Home Care Treatment for Dysmenorrhea

Home Care Treatment of dysmenorrhea

What is Dysmenorrhea?

Dysmenorrhea is the medical term for the painful cramps that may occur immediately before or during the menstrual period. There are two types of dysmenorrhea: primary dysmenorrhea and secondary dysmenorrhea.

Primary dysmenorrhea is another name for common menstrual cramps. Cramps usually begin one to two years after a woman starts getting her period. Pain usually is felt in the lower abdomen or back. They can be mild to severe. Common menstrual cramps often start shortly before or at the onset of the period and continue one to three days. They usually become less painful as a woman ages and may stop entirely after the woman has her first baby.

Secondary dysmenorrhea is pain caused by a disorder in the woman’s reproductive organs. These cramps usually begin earlier in the menstrual cycle and last longer than common menstrual cramps.

What Are the Causes of Dysmenorrhea?

There may not be an identifiable cause of your painful menstrual periods. Certain women are at a higher risk for having painful menstrual periods. Risk factors include:

  • being under age 20
  • having a family history of painful periods
  • smoking
  • having heavy bleeding with periods
  • having irregular periods
  • never having had a baby
  • having experienced early puberty, which is puberty before the age of 11

Hormone-like substances called prostaglandins trigger muscle contractions to help your uterus expel its lining each month. These contractions can cause pain and inflammation. Women with higher levels of prostaglandins may experience more severe menstrual cramping and pain. (Mayo Clinic)

In some cases, such as with secondary dysmenorrhea, painful menstrual periods can be the result of an underlying medical condition, such as:

  • premenstrual syndrome (PMS)
  • endometriosis (a painful medical condition in which cells from the lining of the uterus grow in other parts of the body)
  • fibroids in the uterus (noncancerous tumors)
  • pelvic inflammatory disease, an infection of the uterus, fallopian tubes, or ovaries often caused by sexually transmitted infections
  • sexually transmitted infections (STIs)
  • adenomyosis, a rare condition in which the uterine lining grows into the muscular wall of the uterus
  • cervical stenosis, a rare condition in which the cervix is so small it slows menstrual flow (NLM)

Certain types of birth control, specifically intrauterine devices (IUDs) made of copper, are associated with increased pain during menstruation.

What are the symptoms of dysmenorrhea?

  • Aching pain in the abdomen (pain may be severe at times)
  • Feeling of pressure in the abdomen
  • Pain in the hips, lower back, and inner thighs

Home Care Treatment of dysmenorrhea

The following steps may allow you to avoid prescription medications:

  • Apply a heating pad to your lower belly area, below your belly button.
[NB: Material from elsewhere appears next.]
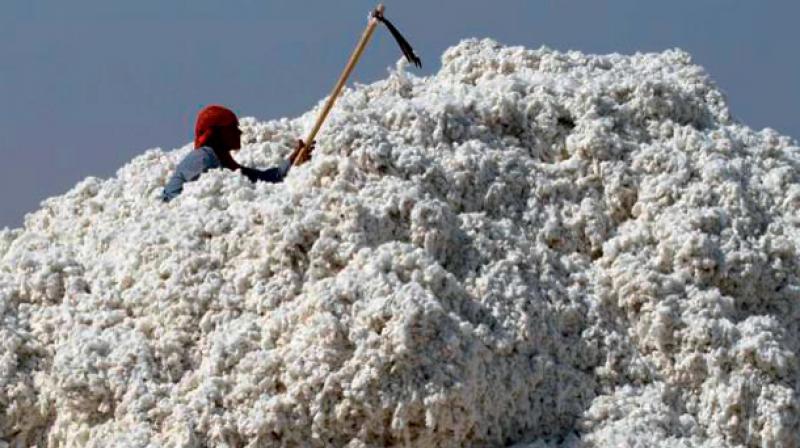 India has signed contracts to export 200,000 bales of cotton to China in the past one week. India has signed contracts to export 200,000 bales of cotton to China in the past one week.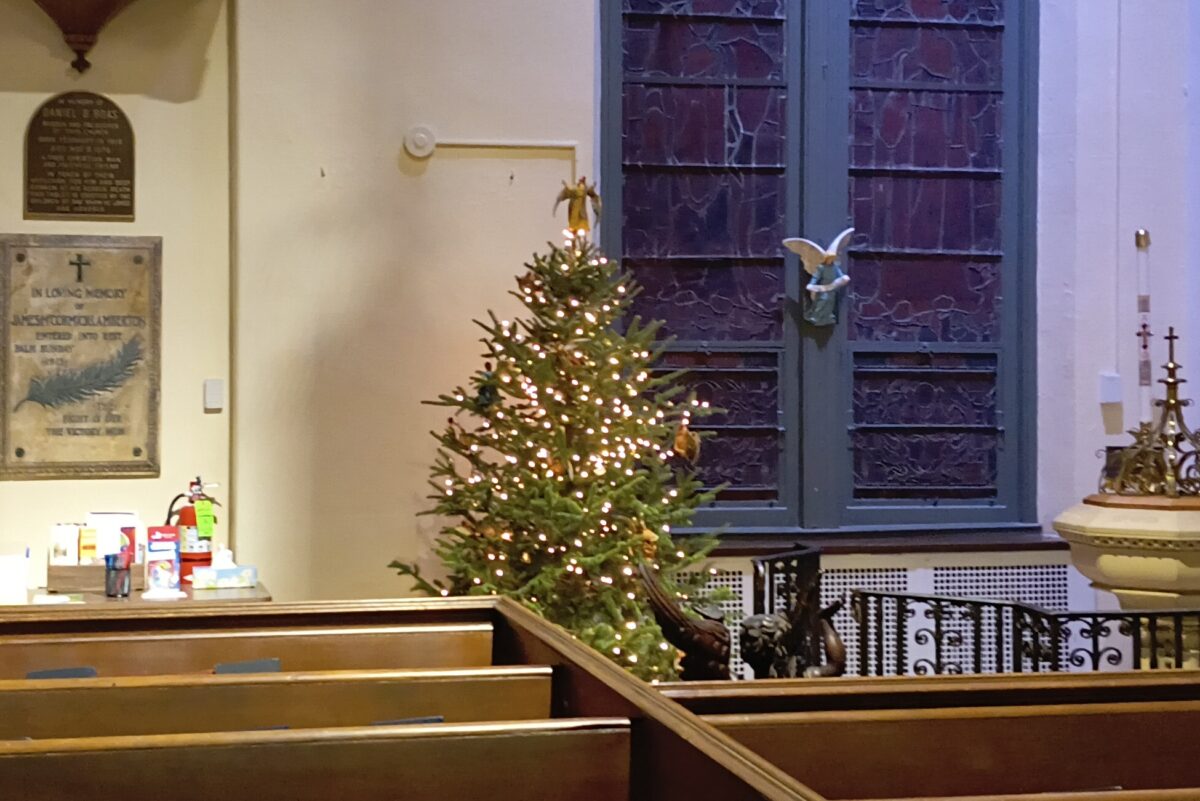 Christmas tree in the sanctuary of St. Stephen's Episcopal Cathedral in Harrisburg, December 20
Never fall asleep with the heating pad on.
  • Do light circular massage with your fingertips around your lower belly area.
  • Drink warm beverages.
  • Eat light but frequent meals.
  • Follow a diet rich in complex carbohydrates such as whole grains, fruits, and vegetables, but low in salt, sugar, alcohol, and caffeine.
  • Keep your legs raised while lying down, or lie on your side with your knees bent.
  • Practice relaxation techniques such as meditation or yoga.
  • Try over-the-counter anti-inflammatory medicine, such as ibuprofen. Start taking it the day before your period is expected to start, and continue taking it regularly for the first few days of your period.
  • Try vitamin B6, calcium, and magnesium supplements, especially if your pain is from PMS.
  • Take warm showers or baths.
  • Walk or exercise regularly, including pelvic rocking exercises.
  • Lose weight if you are overweight. Get regular, aerobic exercise.

If these self-care measures do not work, your doctor may prescribe medications such as:

  • Antibiotics
  • Antidepressants
  • Birth control pills
  • Prescription anti-inflammatory medicines
  • Prescription pain relievers (including narcotics, for brief periods)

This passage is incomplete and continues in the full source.